Sounds like Germany is going through the same sort of problems with judges that we Americans are.

Judges seeking to change society based solely on their on personal opinions.


----------



## rockman7 (Jun 27, 2012)

agreed. but i would'a thought given germany's past with jews this would be a huge "nono". but looking round these parts thier no different than anybody else . everyone forgets the past in a hurry.religious freedom isn't so free(and getting worse)


----------



## StriperAddict (Jun 27, 2012)

I'm quite pleased "mine" took place when I was a baby and I wasn't real aware of what was going on. 

Not to mention it is a safe and healthy practise for babies, so I can't imagine why the courts would consider differently.  I'm sure someone knows the whole schpeal about how the blood will coagulate better during infant circumsicion than later in life. IMO, the courts are flirting with a health danger as well as a clear religious rights violation.


----------



## rockman7 (Jun 27, 2012)

StriperAddict said:


> I'm quite pleased "mine" took place when I was a baby and I wasn't real aware of what was going on.
> 
> Not to mention it is a safe and healthy practise for babies, so I can't imagine why the courts would consider differently.  I'm sure someone knows the whole schpeal about how the blood will coagulate better during infant circumsicion than later in life. IMO, the courts are flirting with a health danger as well as a clear religious rights violation.

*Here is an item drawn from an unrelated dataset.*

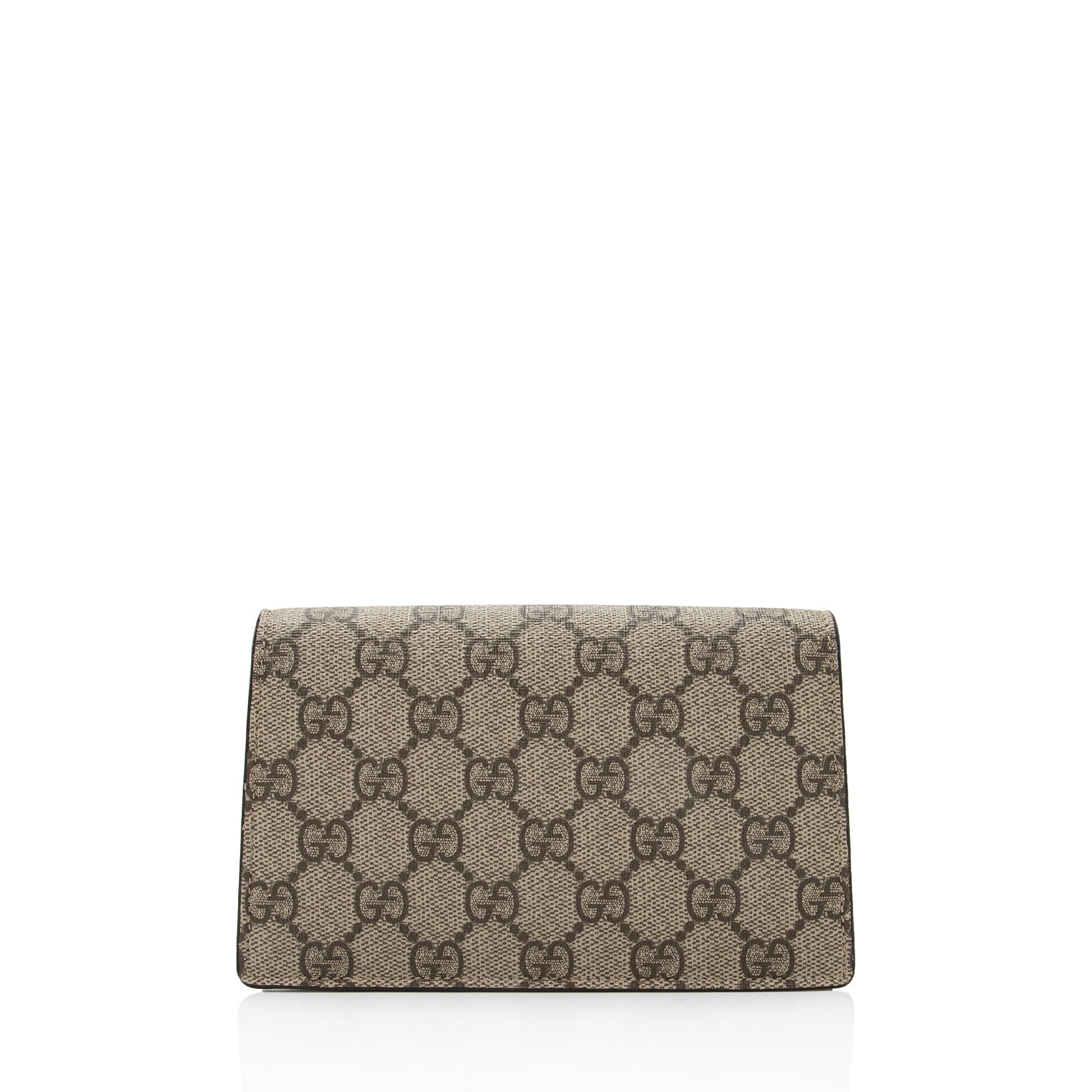Gucci GG Supreme Dionysus Super Mini Bag (SHF-iSLHuH)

my thoughts exactly... if you waited until i was of "age" and came at me with a forked fillet knife somebody would be go from a he to a she in seconds


----------



## Jeffriesw (Jun 27, 2012)

rockman7 said:


> my thoughts exactly... if you waited until i was of "age" and came at me with a forked fillet knife somebody would be go from a he to a she in seconds



X's 2


----------



## gemcgrew (Jun 27, 2012)

From the comment section of the article:

"After I got circumcised, I couldn't walk for 12 months, had to drink breast milk for 9 months, and soiled myself for 3 years. That was rough...good thing I don't remember it."


----------



## Lowjack (Jul 4, 2012)

Seems to me G-d is calling all Jews out of Germany as it was prophecied that all Jews must return to the Land , so antisemitism sometimes is the way G-d tells people you don't belong there any longer.


----------



## Lowjack (Jul 4, 2012)

Ezekiel 20:34 - "I will bring you from the nations and gather you from the countries where you have been scattered -- with a mighty hand and an outstretched arm and with outpoured wrath." 

Isaiah 11:11-12 NIV - "In that day the Lord will reach out his hand a second time to reclaim the remnant that is left of his people from Assyria, from Lower Egypt, from Upper Egypt, from Cush, from Elam, from Babylonia, from Hamath and from the islands of the sea. He will raise a banner for the nations and gather the exiles of Israel; he will assemble the scattered people of Judah from the four quarters of the earth."


----------